Le prévenu, par son conseil, conteste la recevabilité de l'action civile du ROF. Il est effectif que cette association s'est donnée pour objet de "regrouper les personnes qui, exerçant en France et/ou à l'étranger la profession d'ostéopathe, définie par les textes légaux et réglementaires, s'engagent à respecter les règles déontologiques, de garantie de formation et d'exercice professionnel arrêtées par le ROF".

Contrairement à ce qu'indiquent ses conclusions, elle ne présente aucun caractère ordinal, en ce sens qu'elle n'est pas chargée d'une quelconque mission d'intérêt général en matière d'ostéopathie.

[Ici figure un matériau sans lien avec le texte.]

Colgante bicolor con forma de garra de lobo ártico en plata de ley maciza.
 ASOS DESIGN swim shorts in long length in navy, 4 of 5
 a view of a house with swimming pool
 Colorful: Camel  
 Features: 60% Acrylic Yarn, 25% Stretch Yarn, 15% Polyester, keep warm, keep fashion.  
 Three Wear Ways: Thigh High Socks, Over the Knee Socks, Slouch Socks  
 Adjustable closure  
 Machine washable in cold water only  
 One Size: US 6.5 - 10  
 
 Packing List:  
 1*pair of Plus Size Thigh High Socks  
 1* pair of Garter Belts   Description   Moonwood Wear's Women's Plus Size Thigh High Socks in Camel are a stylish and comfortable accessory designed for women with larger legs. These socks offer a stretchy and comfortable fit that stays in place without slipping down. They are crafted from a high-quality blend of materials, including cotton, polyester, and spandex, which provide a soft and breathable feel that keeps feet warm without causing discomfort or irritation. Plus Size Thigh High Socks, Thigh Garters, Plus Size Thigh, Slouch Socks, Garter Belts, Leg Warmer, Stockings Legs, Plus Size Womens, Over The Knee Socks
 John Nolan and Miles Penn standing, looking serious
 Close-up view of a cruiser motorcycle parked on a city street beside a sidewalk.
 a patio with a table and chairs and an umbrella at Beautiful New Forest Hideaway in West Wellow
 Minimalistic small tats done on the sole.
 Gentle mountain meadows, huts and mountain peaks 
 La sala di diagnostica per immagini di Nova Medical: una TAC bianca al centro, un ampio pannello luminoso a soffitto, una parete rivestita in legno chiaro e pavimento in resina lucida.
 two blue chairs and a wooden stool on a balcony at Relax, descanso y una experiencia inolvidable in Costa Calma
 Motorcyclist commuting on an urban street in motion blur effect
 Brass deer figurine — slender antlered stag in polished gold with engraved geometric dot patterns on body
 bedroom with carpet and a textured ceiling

Par ailleurs son objet est nécessairement en l'état indéterminé dès lors que les conditions d'exercice en France de la profession d'ostéopathe ne sont pas définies. Etant indéterminé, le ROF ne saurait avoir personnellement souffert d'un dommage causé par l'infraction commise par le prévenu, sauf à réparer un dommage lui-même indéterminé.

Le jugement déféré sera réformé sur ce point, la constitution de partie civile du

ROF étant déclarée irrecevable.

Par ces motifs, LA COUR, Statuant publiquement, contradictoirement, en matière correctionnelle, après en avoir délibéré conformément à la loi, sur l'action publique ;Confirme le jugement déféré sur la culpabilité, Le réformant sur la peine ;Condamne le prévenu à dix mille euro d'amende ; Ordonne la cessation de la publicité trompeuse en application de l'article L. 121-3 du Code de la consommation et la publication du présent arrêt dans le quotidien Le Progrès en application de l'article L. 121-4 du même Code, Dans la mesure de la présence effective du condamné au prononcé de la décision, le Président l'a avisé de ce que, s'il s'acquitte du montant de l'amende dans un délai d'un mois à compter de ce jour, ce montant est diminué de 20% sans que cette diminution puisse excéder 1 500 euro ; ce paiement de l'amende ne faisant pas obstacle à l'exercice des voies de recours, Dit le condamné redevable du droit fixe de procédure.sur l'action civile, Infirmant le jugement déféré en toutes ses dispositions civiles ; Déclare irrecevable la constitution de partie civile du R.O.F. à défaut pour cette association de justifier de l'existence d'un préjudice personnel résultant de l'infraction, Le déboute de ses demandes en application de l'article 475-1 du Code de procédure pénale.